What to do: Beginning at the line containing "944 Canfield Road Youngstown OH 44511", repeat each line below exactly up to and including the line containing "Sơ mi tay ngắn, Dáng". Do not repeat the pictures.
[[ Data for analysis, beginning ]]
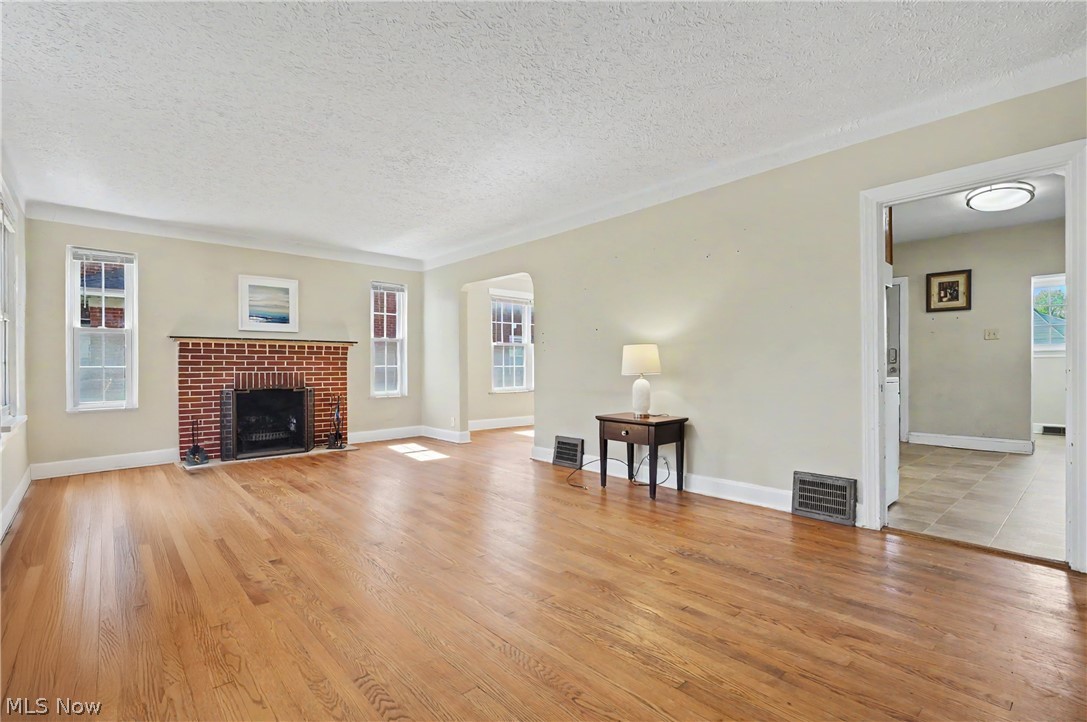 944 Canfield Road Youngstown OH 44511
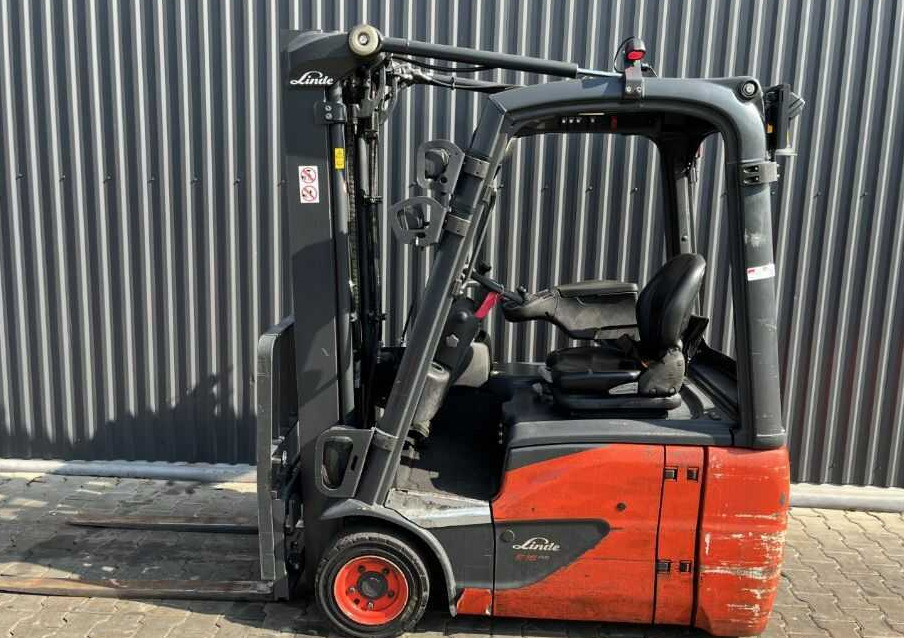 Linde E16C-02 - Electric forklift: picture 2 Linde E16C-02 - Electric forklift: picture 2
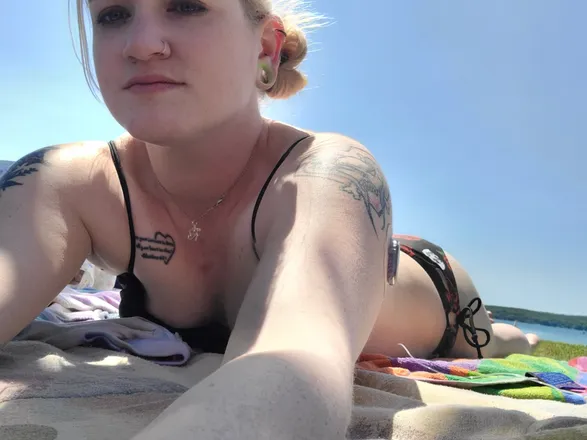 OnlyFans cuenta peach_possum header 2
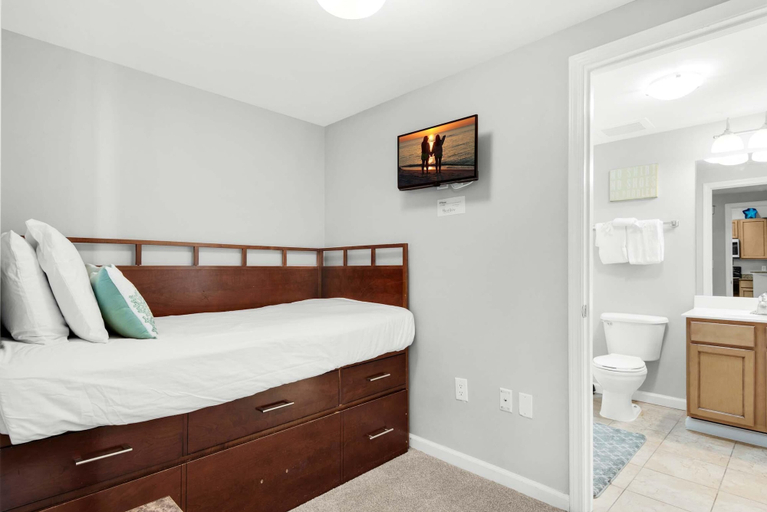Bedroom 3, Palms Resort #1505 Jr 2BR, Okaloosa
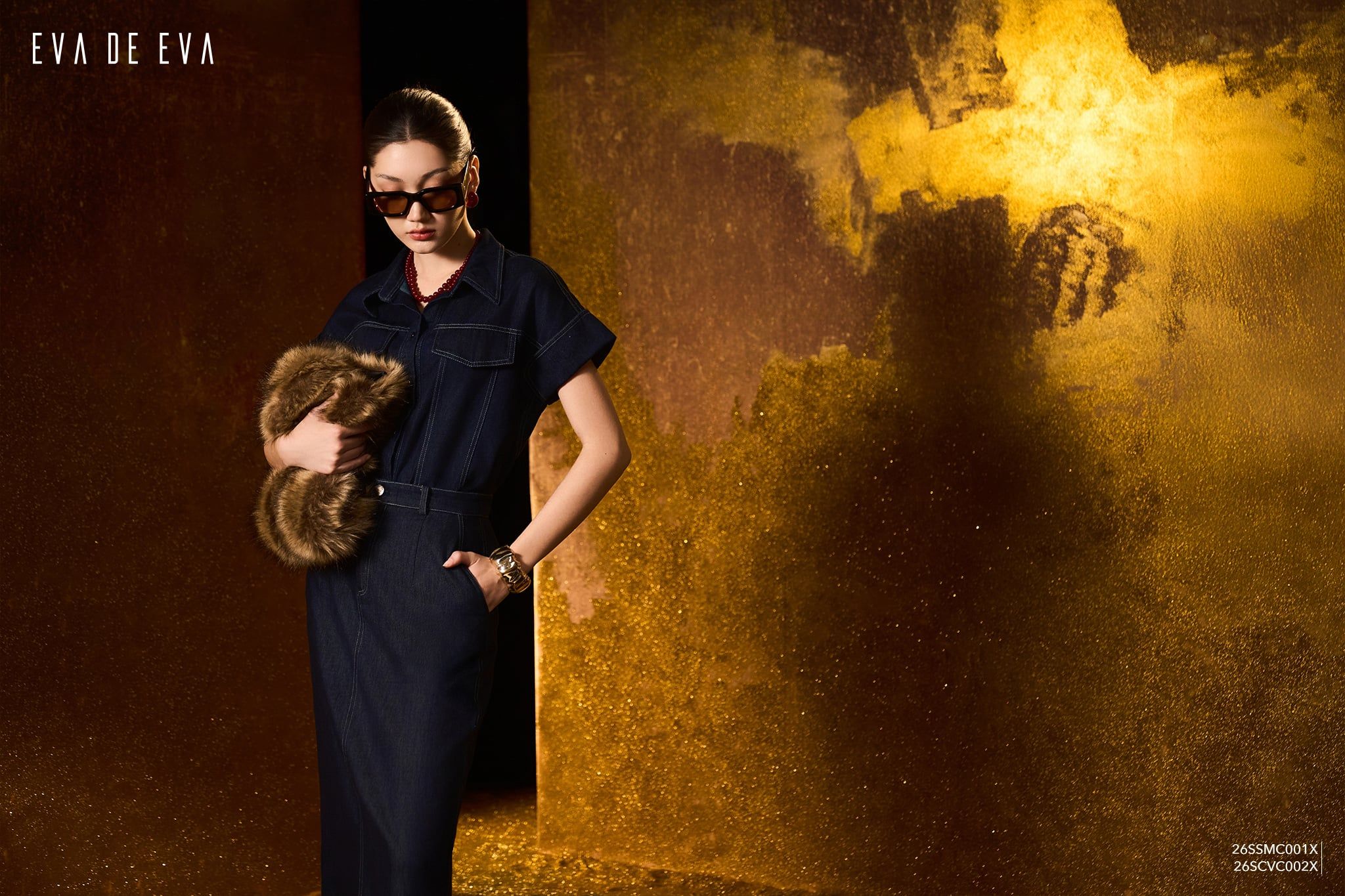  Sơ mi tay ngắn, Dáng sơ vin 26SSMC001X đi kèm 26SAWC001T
[[ Data for analysis, end ]]
[[ Data for analysis, beginning ]]
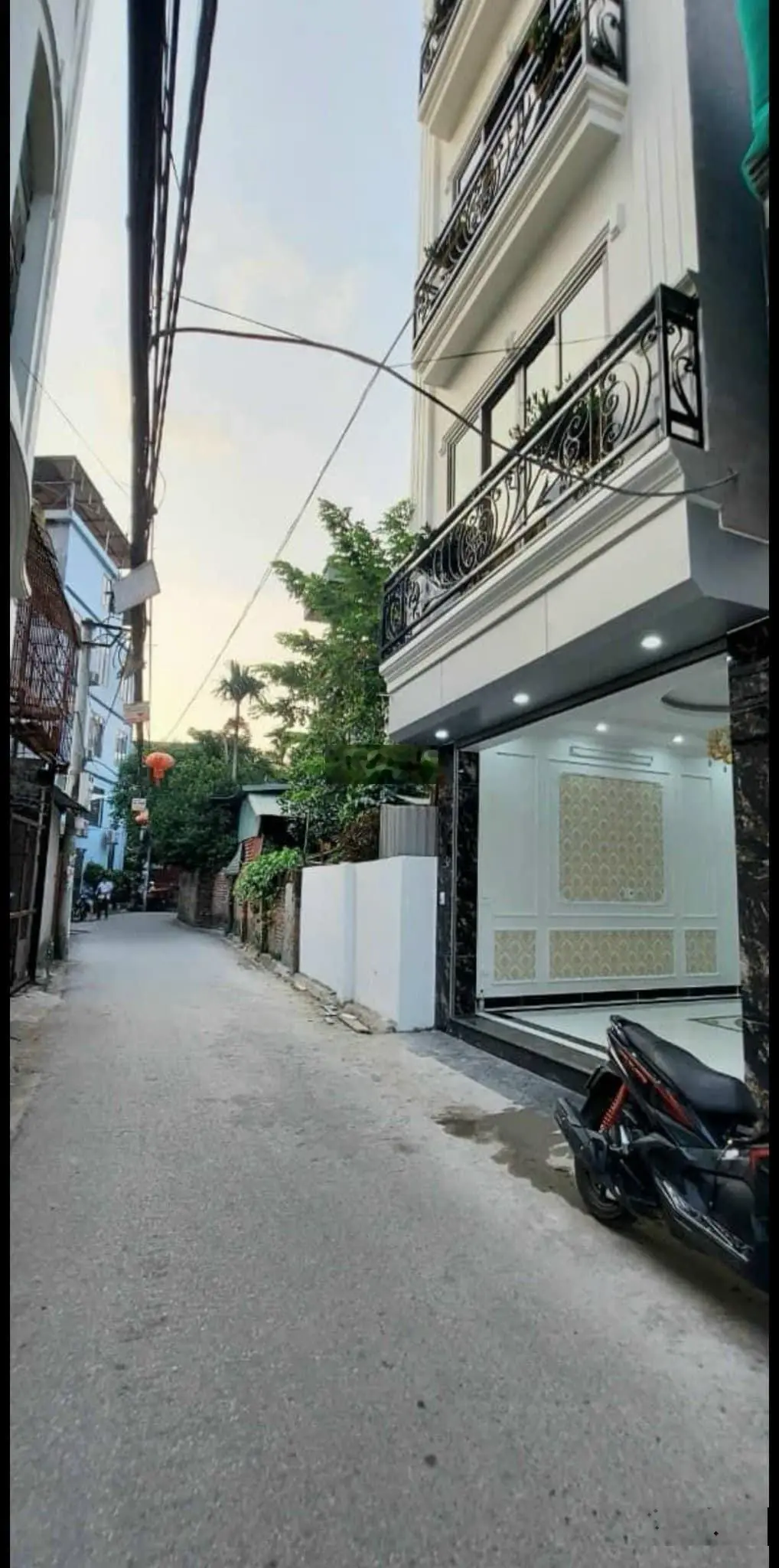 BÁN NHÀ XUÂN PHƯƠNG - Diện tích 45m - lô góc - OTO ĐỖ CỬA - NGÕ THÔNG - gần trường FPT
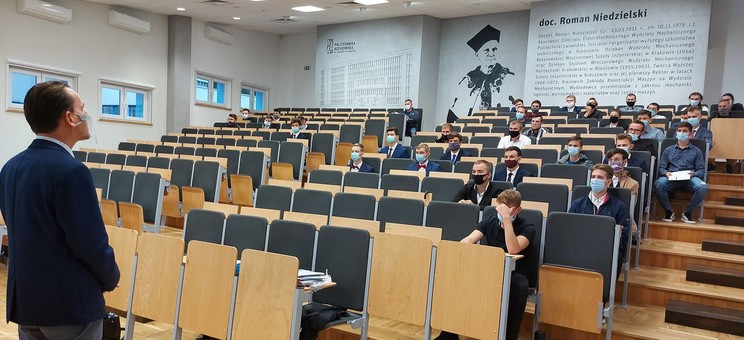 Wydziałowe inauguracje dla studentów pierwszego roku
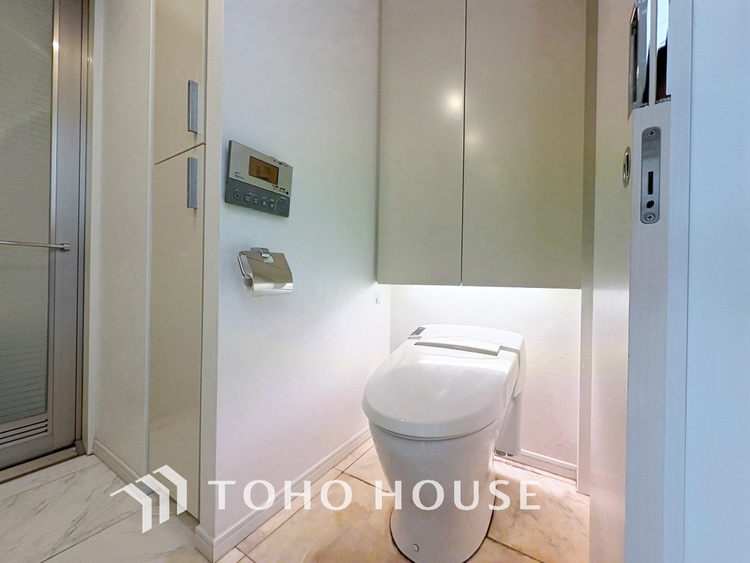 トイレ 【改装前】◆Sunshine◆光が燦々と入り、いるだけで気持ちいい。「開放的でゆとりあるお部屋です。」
[[ Data for analysis, end ]]
Result of this task:
 944 Canfield Road Youngstown OH 44511
 Linde E16C-02 - Electric forklift: picture 2 Linde E16C-02 - Electric forklift: picture 2
 OnlyFans cuenta peach_possum header 2
Bedroom 3, Palms Resort #1505 Jr 2BR, Okaloosa
  Sơ mi tay ngắn, Dáng sơ vin 26SSMC001X đi kèm 26SAWC001T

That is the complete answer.